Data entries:
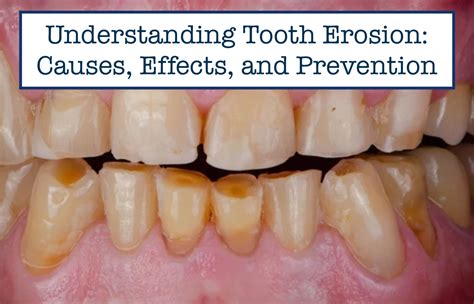 Unraveling the Mysteries: Understanding the Origins of Tooth Erosion in Dreams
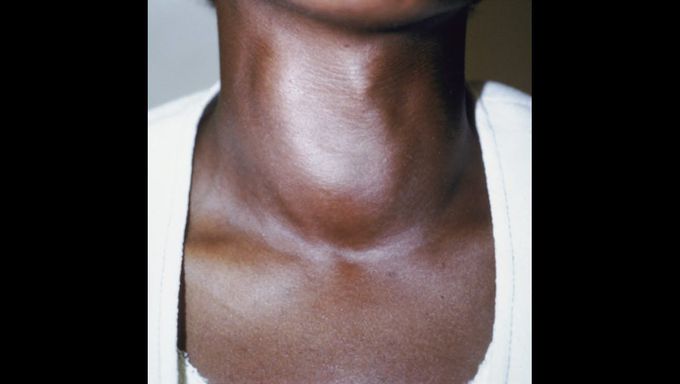 what is Goiter?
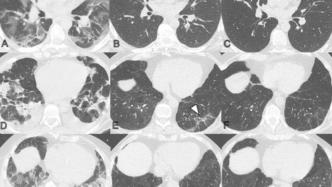 奥地利新研究提示：新冠肺炎后很长时间内仍可观察到肺部异常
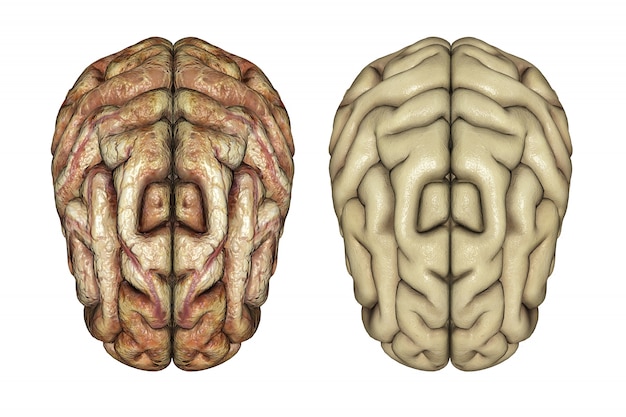 Foto gratuita 3d rendono di due cervelli uno sano e uno malato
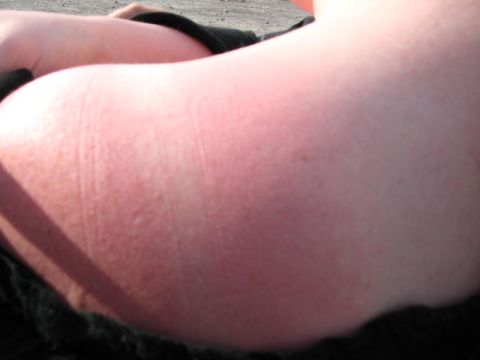 1978 Ford Bronco - A person's arm shows signs of sunburn with red, textured skin.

Exercise description -
No pictures go in the copy. Retype exactly the lines from the one with "Foto gratuita 3d" through the last line of the entries above, both included, and nothing more.

Solution -
 Foto gratuita 3d rendono di due cervelli uno sano e uno malato
 1978 Ford Bronco - A person's arm shows signs of sunburn with red, textured skin.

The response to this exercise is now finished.